Why are there not more Great War books in the US?

For those of you who don't know me, I am the author of about 50 books and novels.  I write science fiction, military history, and business books (for the most part).  I really lead a double-life.  During my daytime hours I work for one of the Big Four accounting firms in their IT department.   It's like having a secret identity except it is no where as cool as being a super-hero. 
I am writing a blog to keep my writing skills polished, keep my creative juices flowing, and to enjoy myself a little bit. 
My first topic is one close to my heart:  Why are there not more Great War books in the US?
As a writer who has two published histories of the Great War and one coming out in a few weeks (Lost Eagles, University of Michigan Press); I have had to struggle to find the right publishers.  A number of mainstream publishers didn't weren't interested in doing books on WWI because they didn't believe there was as market for them. 
Wow.  Really?
There was over a million Americans involved in the St. Mithel offensive; despite being one of the last offenses of the war.  We didn't have a million troops involved in D-Day; so you'd think that it would have prevailed in our collective conscience. 

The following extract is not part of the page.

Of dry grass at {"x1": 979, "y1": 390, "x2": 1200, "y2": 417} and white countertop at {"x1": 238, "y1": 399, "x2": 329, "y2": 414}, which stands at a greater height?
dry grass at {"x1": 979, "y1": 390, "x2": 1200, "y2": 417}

WWI introduced U-Boats, mines (on a large scale), Dreadnought battleships, rapid-fire artillery, flamethrowers, tanks, fighter and bomber aircraft, gas weapons, and countless other deadly innovations. 

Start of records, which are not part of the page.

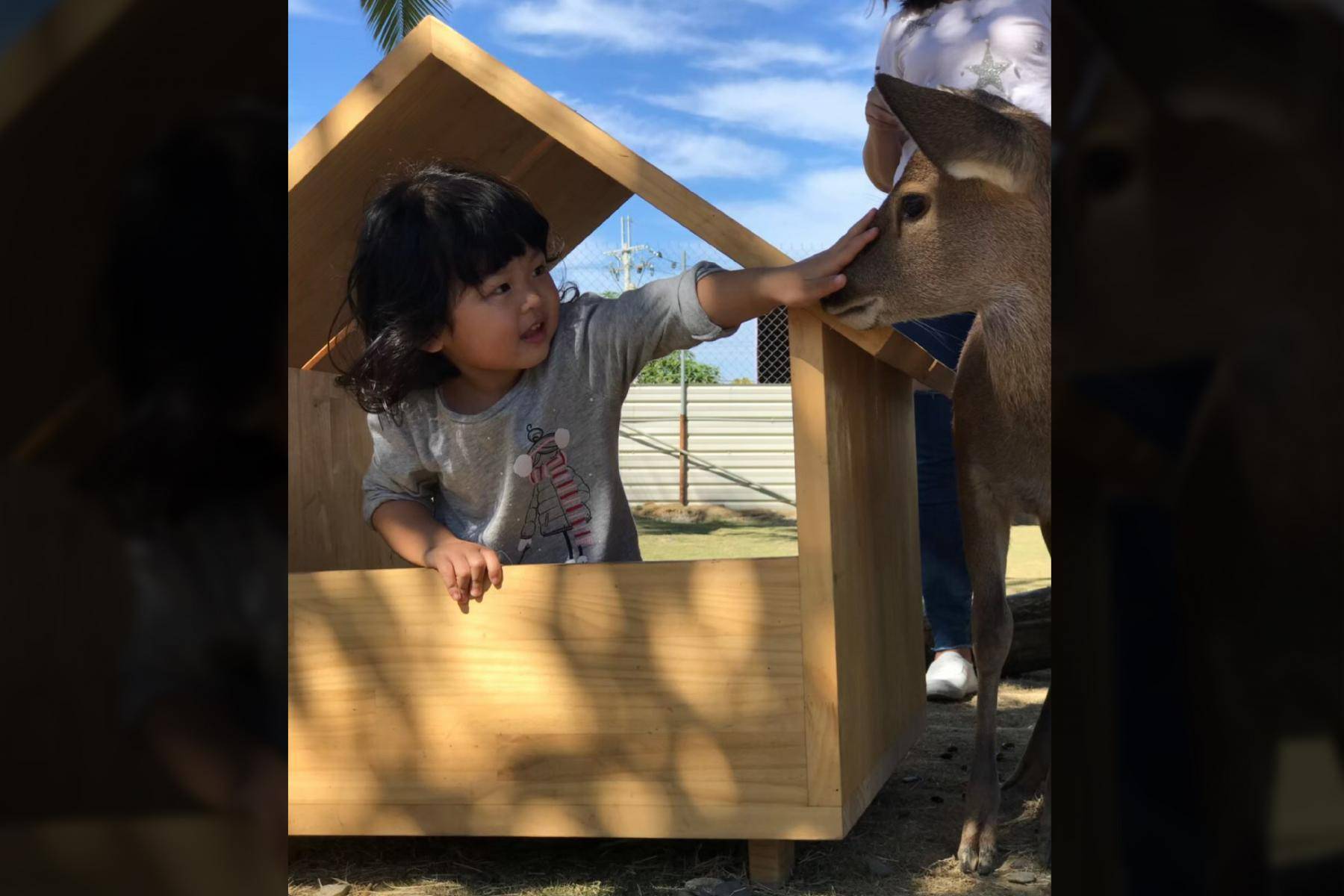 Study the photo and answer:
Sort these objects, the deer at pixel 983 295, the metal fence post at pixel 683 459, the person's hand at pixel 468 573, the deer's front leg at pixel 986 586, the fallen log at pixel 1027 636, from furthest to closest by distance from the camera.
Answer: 1. the metal fence post at pixel 683 459
2. the fallen log at pixel 1027 636
3. the deer's front leg at pixel 986 586
4. the deer at pixel 983 295
5. the person's hand at pixel 468 573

There are several factors that drive the lack of interest (by publishers) in WWI books.  First, the Great War is overshadowed by events in WWII in the public conscience.  We still have veterans alive from WWII whereas all but a handful of WWI vets have "gone west."  There are grandfathers and great-grandfathers still able to tell their stories of combat from WWII whereas WWI is now a war that is dependent on the records and documentation left behind. 
Another factor that comes into play is that America's involvement in WWI was very late in the war and our combat operations were short-lived.  Oh sure, Americans were fighting starting in 1914; but they were volunteers in the French Foreign Legion and eventually the Lafayette Flying Corps and Lafayette Escadrille.  While iconic characters for sure, the rest of the United States didn't get involved directly with the war until April of 1917 when war was declared.  Even then we didn't have troops on the front lines and in battle until mid-1918.  With the war ending in November, America's contribution to the victory was noteworthy, but short compared to the time and losses suffered by our allies. 

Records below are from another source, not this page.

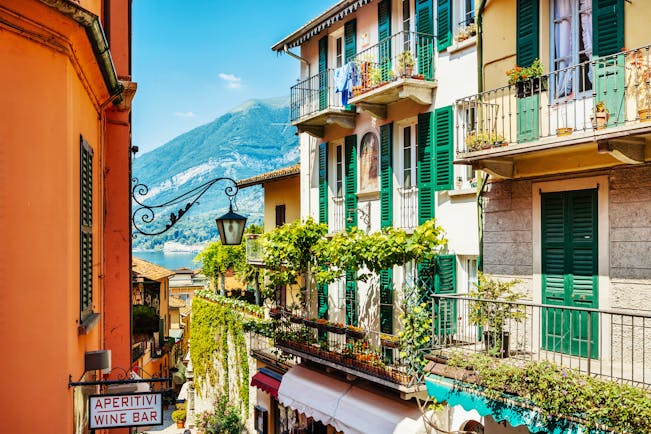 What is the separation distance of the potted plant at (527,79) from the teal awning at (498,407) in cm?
477

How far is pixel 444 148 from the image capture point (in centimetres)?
1348

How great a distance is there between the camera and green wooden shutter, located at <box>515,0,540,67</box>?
10.8 m

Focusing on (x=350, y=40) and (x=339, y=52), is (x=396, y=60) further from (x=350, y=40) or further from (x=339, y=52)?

Like the Korean War, the Great War is often overlooked or glossed over.  I was disappointed recently at the reopening of the Smithsonian's American History museum which had a single almost embarrassing display case on WWI.  While the artifacts were wonderful, it was sad to see it overlooked. 
But I would challenge that the Great War is making a strong comeback in terms of literature; and I hope the publishing world is taking note.  More books are coming out each year about the war and the subject matter is solid and offers new perspectives and directions.  Some of the books that have come out in the last year have really shed new light on topics and have broken the stereotype that the Great War was a boring trench war with great losses and little gains. 
The Great War laid the foundations not just for WWII but for the Cold War and the world we live in today.  The study of WWI and active research in this war helps us understand the context of policy and diplomacy now.